- [DIRECTIONS FOR THIS TASK]: Below is a listing; restate from it, character for character, the lines beginning at the line holding "Elena Mia online" and ending at the line holding "Basic Christianity", both included.

- [EXCERPTED DATA]:
★ ★ ★

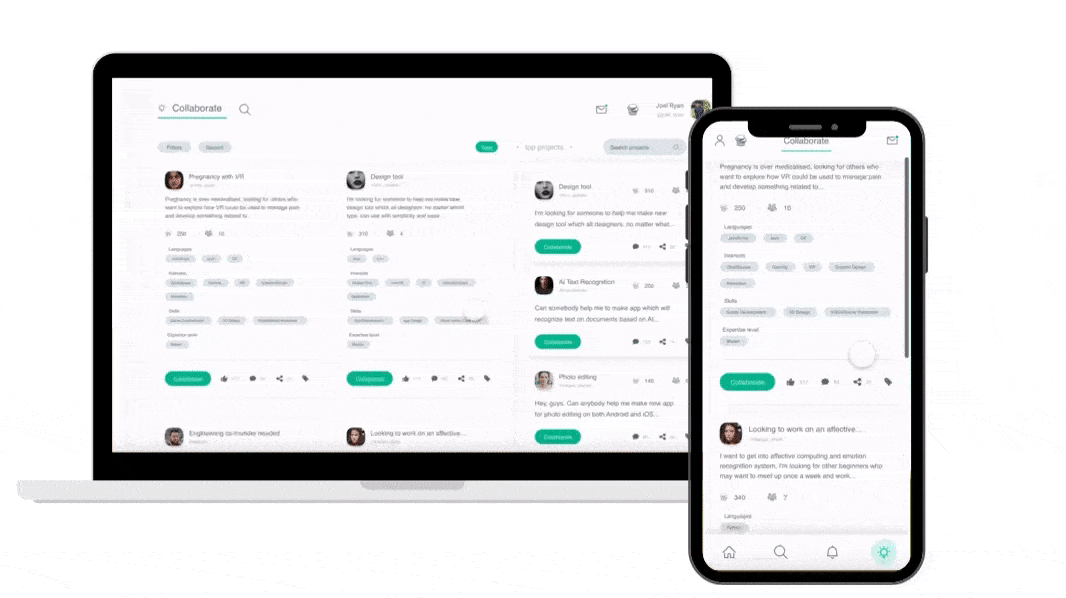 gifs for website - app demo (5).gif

★ ★ ★

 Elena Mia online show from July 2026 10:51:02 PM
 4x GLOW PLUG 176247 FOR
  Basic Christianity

★ ★ ★

- [OUTPUT OF THE TASK]:
 Elena Mia online show from July 2026 10:51:02 PM
 4x GLOW PLUG 176247 FOR
  Basic Christianity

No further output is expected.